The video shows a man speaking to a group of women and asking one of them where they are from. The person filming the video approached the man after he said to the woman: "You're in Canada now."

"Hey, that's racist man," the person said. The man proceeded to argue with the person filming the TikTok, claiming that what he said was not racist.

The video was posted on the TikTok account, @donnamlu, captioned: “You're in Canada you should speak English" “You move to Japan, you can speak Japanese."

The TikToker who posted the video confirmed in the comments that the incident occurred in Richmond, B.C. and that the women he was speaking to were "minding their own business," and "he was eavesdropping before he approached and harassed them."

@donnamlu

“You’re in Canada you should speak English” “You move to Japan, you can speak Japanese” #racist #yvr #richmond #vancouver

After the person filming approached the man, he continued arguing and, at one point, said, "Excuse me, I'm a lawyer."

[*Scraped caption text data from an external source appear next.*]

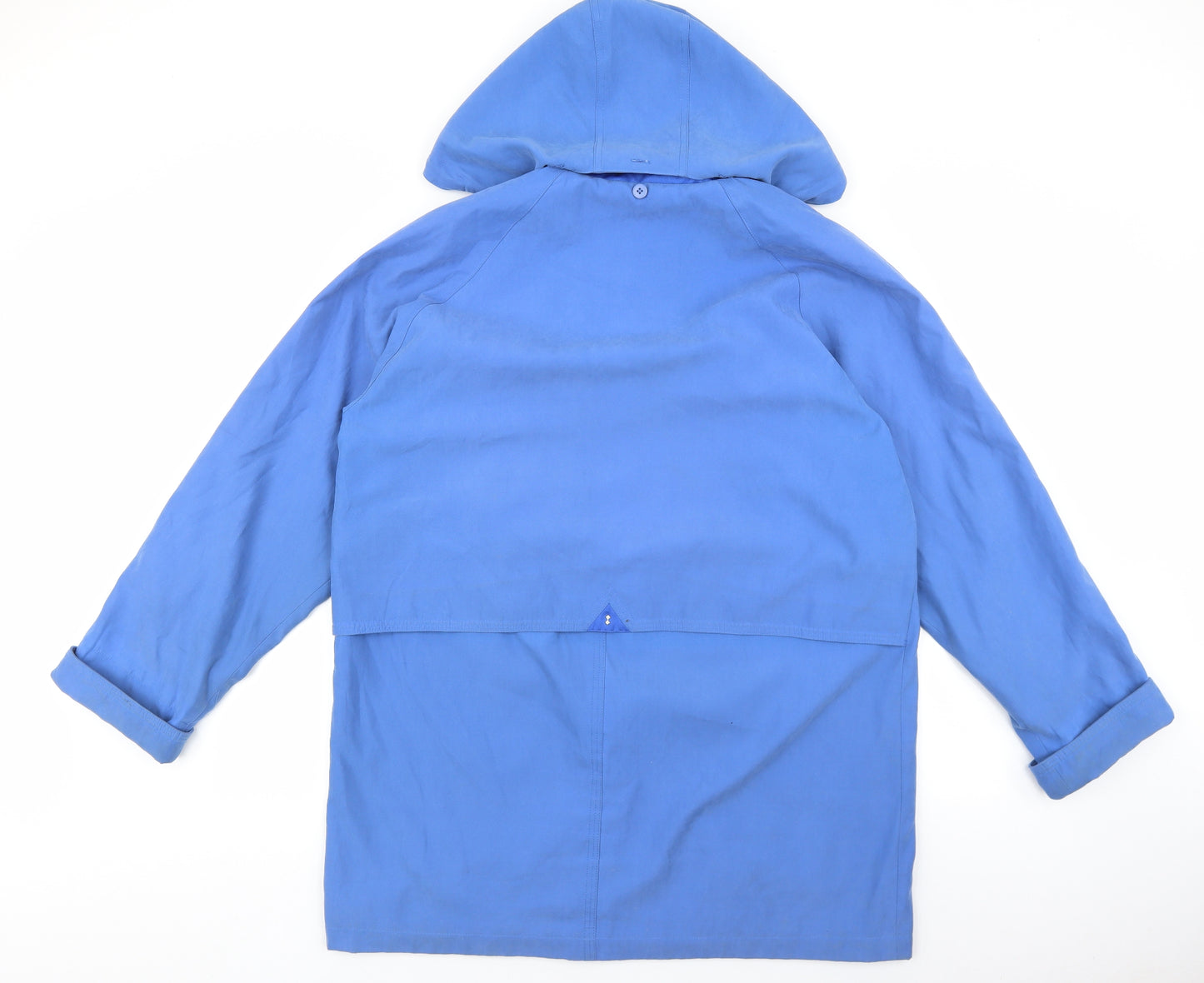 Astraka Womens Blue Rain Coat Coat Size L Zip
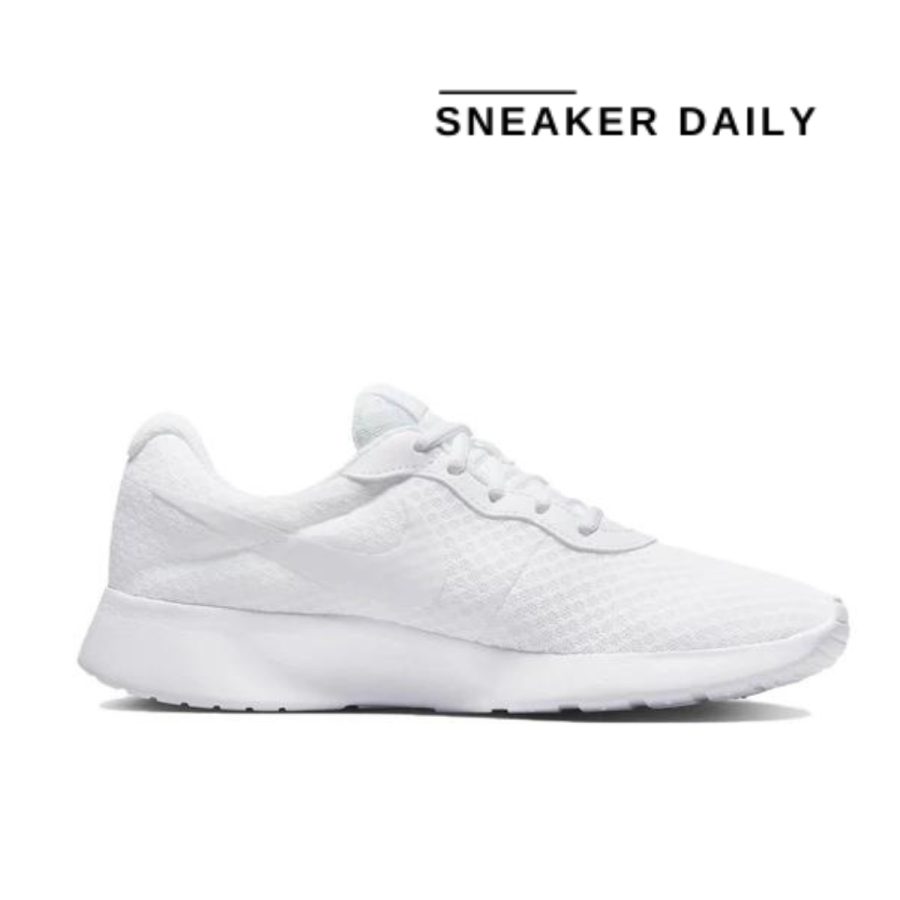 giày nike tanjun 'triple white' (wmns) dj6257-104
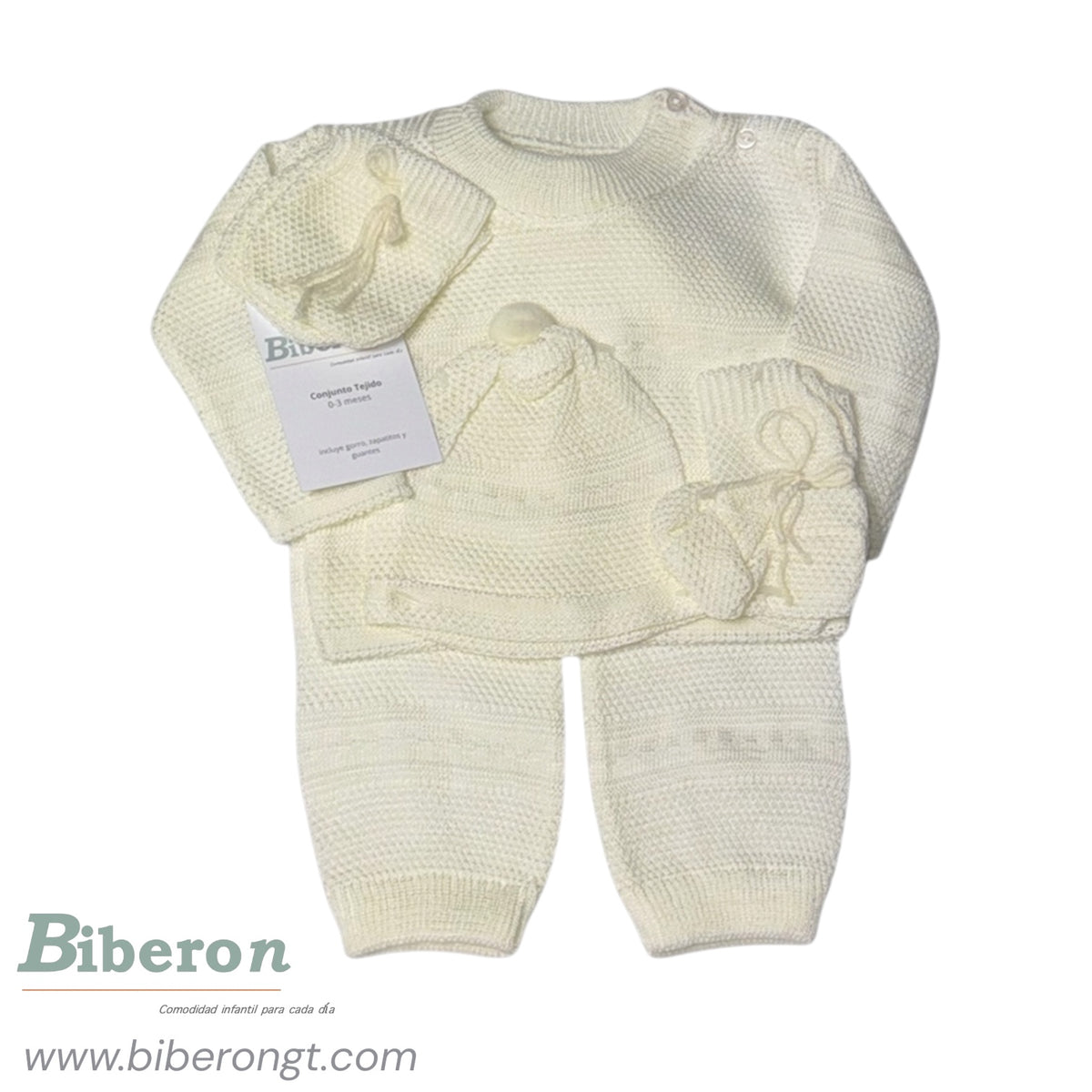 Conjunto tejido - 5 pzs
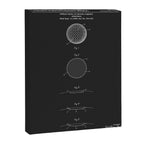 Golf Ball Patent - Black Canvas Print Gallery Image 6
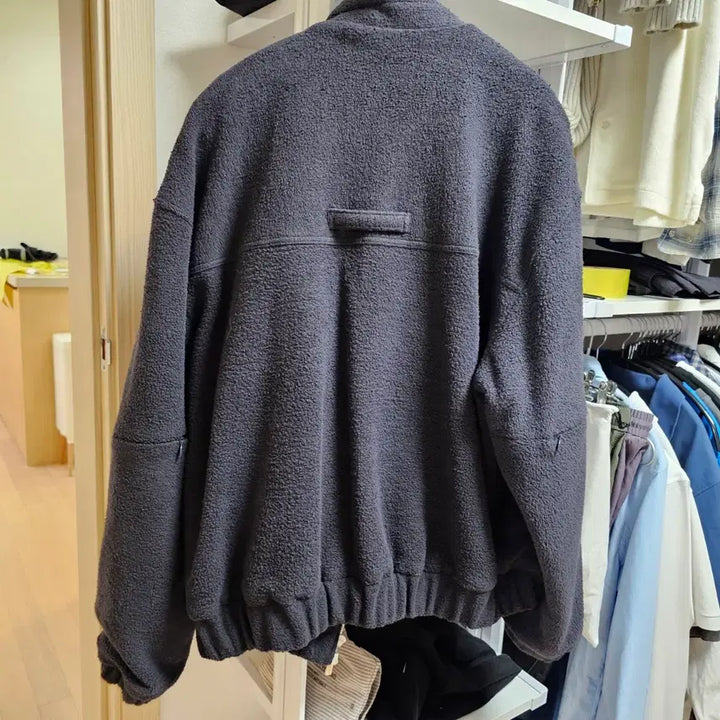 [BUNJANG] IE High Neck Fleece Blouson Jacket (M) / 이에 하이넥 플리스 블루종 자켓(M)
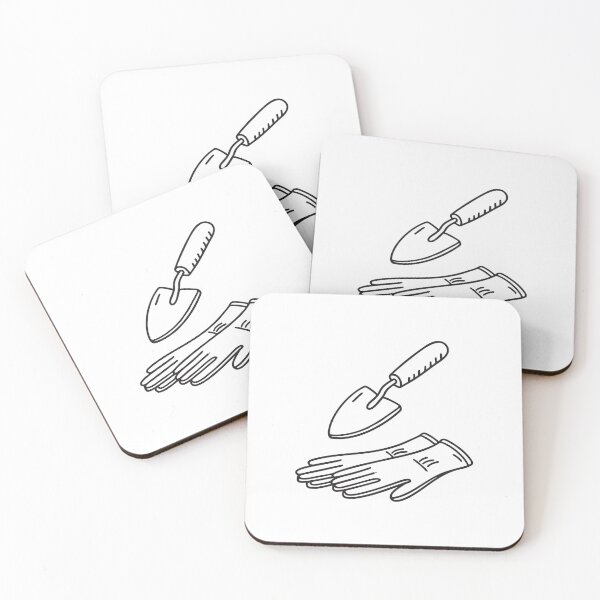 Item preview, Trowel Beside Garden Gloves designed and sold by rasagamastore.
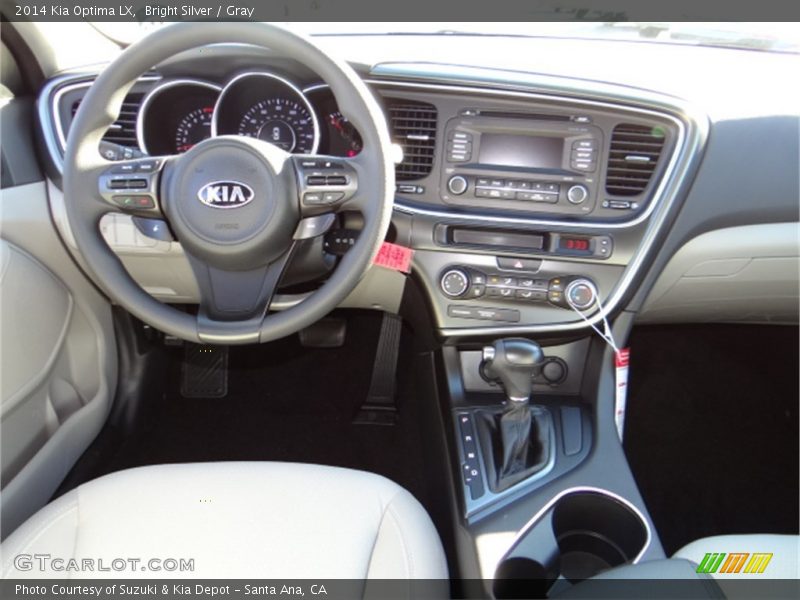 Bright Silver / Gray 2014 Kia Optima LX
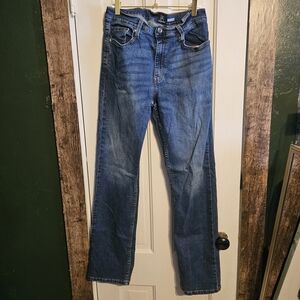Mens Dark Wash Bootcut 32x32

"My mother tongue is French," he said, before yelling for the person filming to "get out."

After telling them to leave, he continued to argue.

"Why do we have to bend over backwards? You move to Japan, you learn Japanese," the man added.

"I went to McGill law school," the man added, arguing that he has "the power to talk to the Members of Parliament."

The man did not specify what he would talk to them about before the group separated.

The TikTok now has over 27,600 likes and 5,711 comments. People in the comments are also calling out the man, and one person wrote that "he's on unceded Coast Salish territory. He should be speaking the language of Squamish, Musqueam, or Tsleil-Waututh then."